The title of Gish Jen's witty 1999 collection of short stories was Who's Irish?—but the theme, as it has always been in Jen's work, was "who's American?" It's never been a question with a simple answer. Her Chinese immigrants and their children are neither apple-pie success stories nor tragic victims of American assimilation. In Jen's world Chinese parents open up a restaurant, make money, move to the suburbs, argue in Shanghainese, then find their youngest daughter wants to be Jewish and ditch Mandarin lessons for Hebrew. There's no melting pot to be seen in this immigrant experience, boiling everyone down to the same temperature; Jen knows America is far too messy for that.
In her new novel The Love Wife, about the fragile, polyracial Wong family, Jen moves one generational step down the immigrant experience. Those children once fresh off the boat are now grown up, with families of their own, bigger houses, dead parents. But far from being settled by the security of the suburbs, the immigrant's essential question—who am I?—has only been blurred by blended families and interracial marriage.
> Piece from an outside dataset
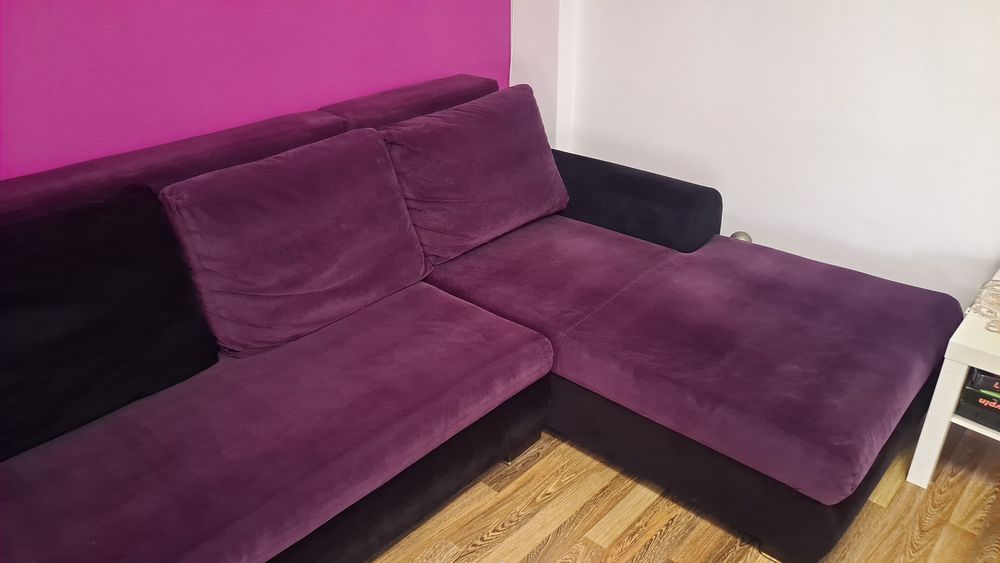 Canapea Colțar Extensibil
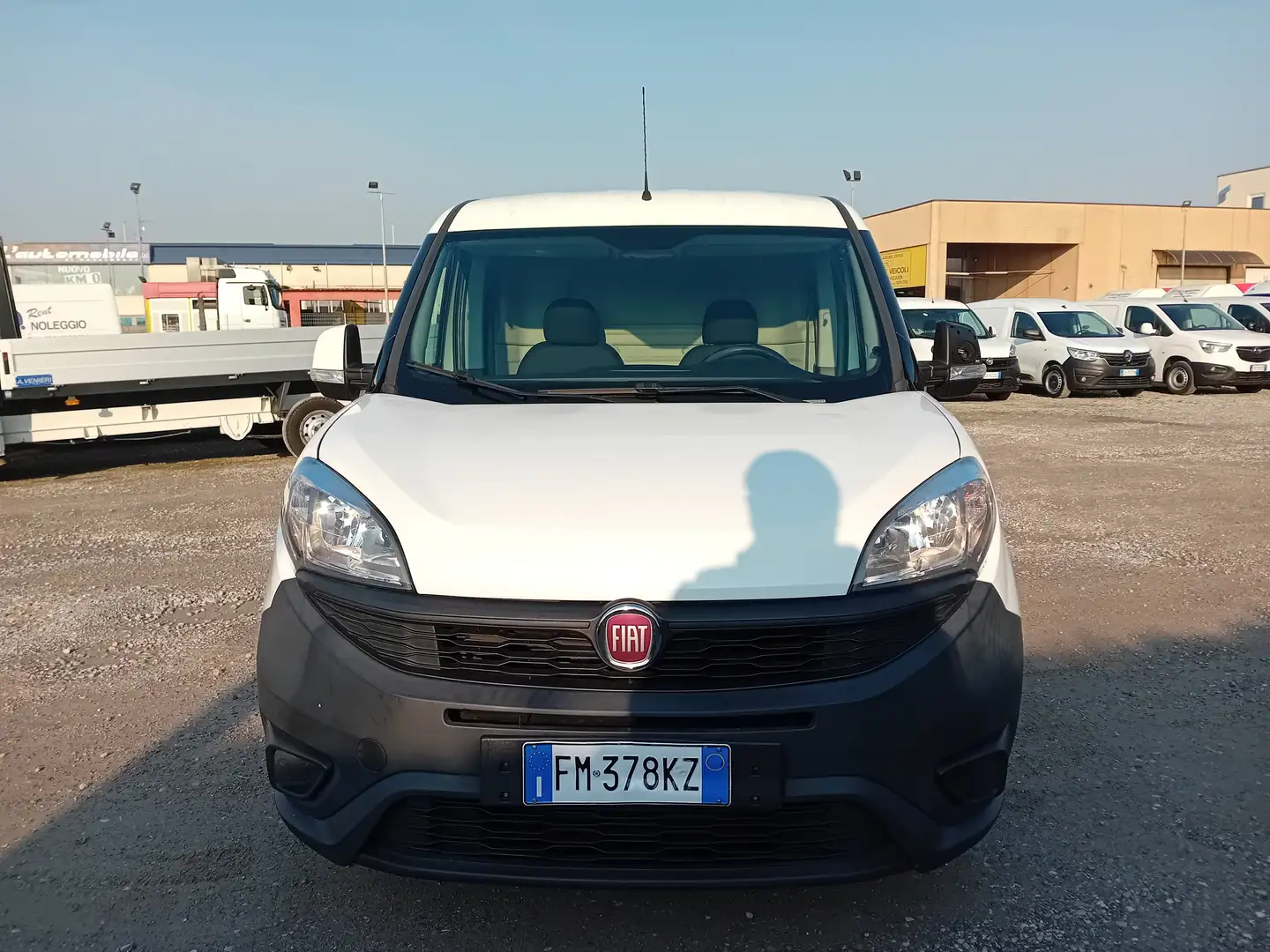 Fiat Doblo 1.3mjet 95cv con allestimento inerno euro6b Wit - 2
It's not a question that can be answered by biology or by citizenship papers. The Wongs' teenage daughter Lizzy, adopted as an abandoned baby, complains that no one knows exactly who she is or where she comes from: she's "soup du jour." But as The Love Wife opens and the Wongs' connections to each other begin to fray, Jen shows Lizzy is hardly alone—American confusion may be the American identity.
That goes for even the newest arrivals, like Lan, the mainland-Chinese woman whose entry into the Wong family upsets the delicate balance among the novel's leading voice, Chinese-American Carnegie, his Wasp wife Blondie, and their two adopted Asian daughters and Eurasian biological son. Not even Lan knows what she's doing with the Wongs, though everyone knows why she's there. Carnegie's über-Chinese mother arranged for Lan's immigration in her will, and Mama Wong is the sort of person who gets her way, even in death. (Though she has died horribly of Alzheimer's before the story begins, Mama Wong is never far from Carnegie's mind, usually with choice quotes like this: "If you become cook, your mother will commit suicide. Even I am dead I will rise up out of my grave to kill myself.") From the beginning, Blondie rightly suspects Mama Wong's motives, since the older woman never reconciled herself to the marriage. Has Mama Wong set up Lan to be the love wife, a kind of modern concubine who will fit more naturally with Carnegie than Blondie ever could? But admitting that would mean admitting there might be something wrong with the family Blondie made, that her large white body—"an inflatable compared with everyone else"—just doesn't go with a Wong. And that Blondie can't accept.
All of this sets up a championship match of passive-aggressiveness between Lan and Blondie, mainland Chinese versus suburban American mother, with a slightly bemused, slightly excited Carnegie in the middle. With his dry engineer's wit—he compares his "va-va-vavoomy" wife to an Aeroflot plane and means it as a compliment—Carnegie is the closest thing this shifting novel has to a protagonist. (Jen divides the narration among her five characters, each offering rejoinders in separate paragraphs. It's a clever effect, even if it sometimes feels like a staged reading of a new play that is still a revision away from completion.) Carnegie, along with Lizzy and precocious nine-year-old Wendy, is quick to fall under Lan's spell. They love her cooking and hang on Lan's bitter horror stories of life during the Cultural Revolution. As Lan insinuates herself into the family, she seems not to be usurping Blondie so much as taking her rightful place, exactly as Blondie feared. She watches Lan with Carnegie and Lizzy and Wendy, and finds a scene more natural than the one she helped build. She wonders, "Whose family is this?"
The author makes the subtext of that question clear: in an America of blonde Wongs, will the pull of the "natural" undermine what has been constructed by love? Jen is the least heavy-handed of authors, and she lets her characters, in their carefully crafted voices, find their own way out of the identity puzzle she's placed before them. Jen's fans might miss the controlled, sardonic tone of earlier novels like Typical American, but fragments of it still surface, as when Carnegie meditates on prejudice: "Americans believe all racism is a problem. Or at least a lot of Americans. Some, obviously, don't. Seeing as how they're racist."
Humor has long been Jen's stock in trade, but what sets The Love Wife above her earlier work is its emotional breadth, its desire to understand and love all of its disparate characters. It's as if Jen is suggesting that in a blurred and blended world, we'll need open hearts to accept fractured identities, our own and others', instead of being forced to choose one side or the other, the natural or the constructed. After all, as even Mama Wong admits in the end, "nothing is natural.